Auto Scheduled Tasks #23586
closedPruning unconfirmed users
Description
We talked in the call today about pruning (or perhaps just deleting, within a certain timeframe?) the ~50K unconfirmed users we realized in #23545 are being held after signing up for the Commons but not completing the process. It is probably a good idea security-wise, but perhaps it helps reduce our database load too.
Files
Related issues
Updated by Colin McDonald 6 months ago
- Related to Support #23545: over 50,000 unconfirmed users on my private site added
Updated by Boone Gorges 6 months ago
Do we want an automated tool to do this? I think we'd want something like:
1. Run on a schedule (how often? once monthly?)
2. Identify pending items of a certain age (how old? 1 month? 6 months?)
3. Delete them (what kind of logging do we need?)

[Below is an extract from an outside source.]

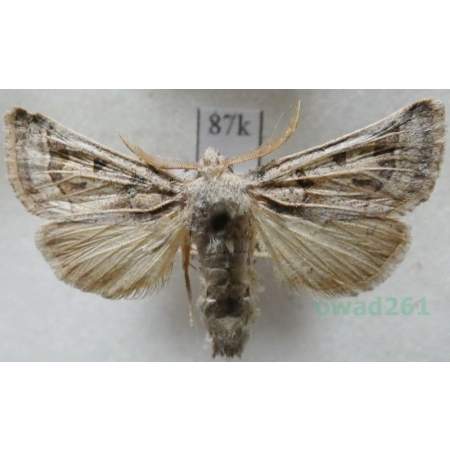 Episema glaucina (Esper, 1789) male Slovakia87k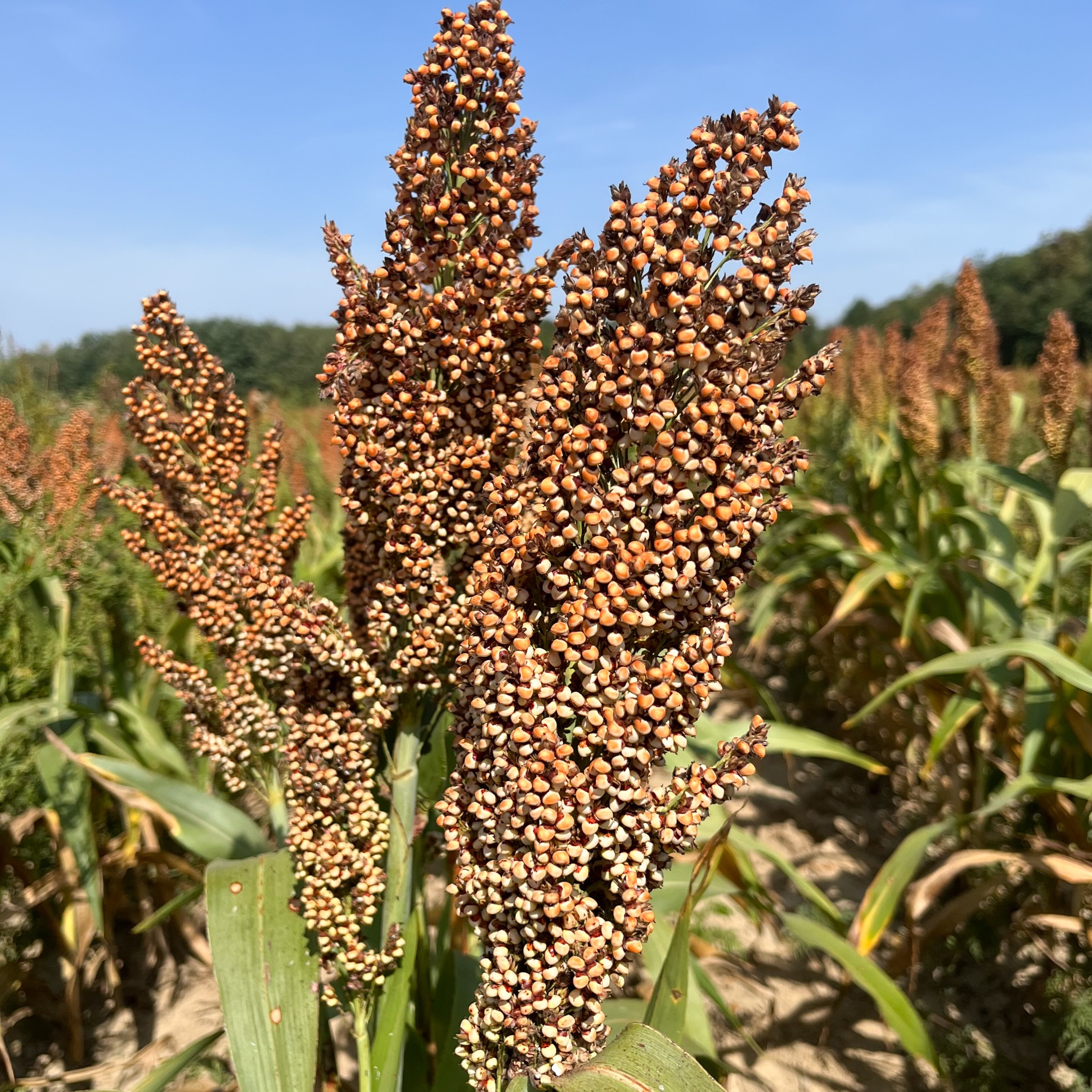 KWS Rubinus Initio Hydro+ Antidótummal csávázott+stimulátor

If we want to do this in chunks, we could first build the tool that does 2 and 3, and run it manually at first. Then we can decide how and whether it's worth adding the automation (1).

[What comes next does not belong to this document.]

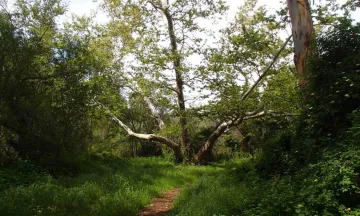 Western Sycamore Tree located in the creek bed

Updated by Raymond Hoh 6 months ago
WP-CLI does have a command to delete all signups with:
wp user signup delete --all
But we don't want to do that.
For age range, I'm thinking delete any signup older than four months as that is the length of a semester:
wp db query "SELECT signup_id FROM wp_signups WHERE registered < DATE_SUB(NOW(), INTERVAL 4 MONTH)" --format=ids | xargs -n 1 wp user signup delete
Then for a scheduled task, we can create a scheduled task to run every month. If the remaining number is small, can make the interval longer, like every two months or so.
Updated by Boone Gorges 6 months ago
Those limits sound good to me. Would be nice to get confirmation from Colin.

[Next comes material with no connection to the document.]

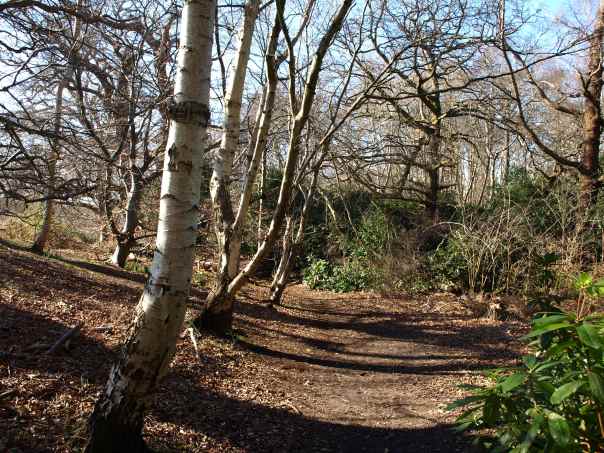 View of the walk from the mansion to the mausoleum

Updated by Boone Gorges 20 days ago
Colin, do we want to pick this back up and consider it?
Updated by Colin McDonald 13 days ago
As discussed in the monthly meeting on Friday, Boone is going to manually remove the large backlog of these "users" soon, and then he will set a reminder to do so again annually. We also discussed whether a user can re-register with one of these emails once the backlog is removed. Could we record a few emails before removal and try them to see, or figure this out another way?
Updated by Boone Gorges 13 days ago
Thanks, Colin. So here's what I'm thinking: Ray sketched a command using xargs above, but wp db query doesn't allow you to return --format=ids in that way (at least so far as I can see), and plus passing each individual ID to wp user signup delete would take ages. Internally, WP-CLI's delete method just removes the row from the database: https://github.com/wp-cli/entity-command/blob/36afb61fb7058123f33558990ac49c7fc3987d19/src/Signup_Command.php#L317 So i think that, instead, we should just do something simple like this:
DELETE FROM wp_signups WHERE active = 0 AND registered < DATE_SUB(NOW(), INTERVAL 6 MONTH)
Note that this only deletes unconfirmed items, those that were never activated. We need to keep the activated ones around, since they are our record of the email address originally used at signup.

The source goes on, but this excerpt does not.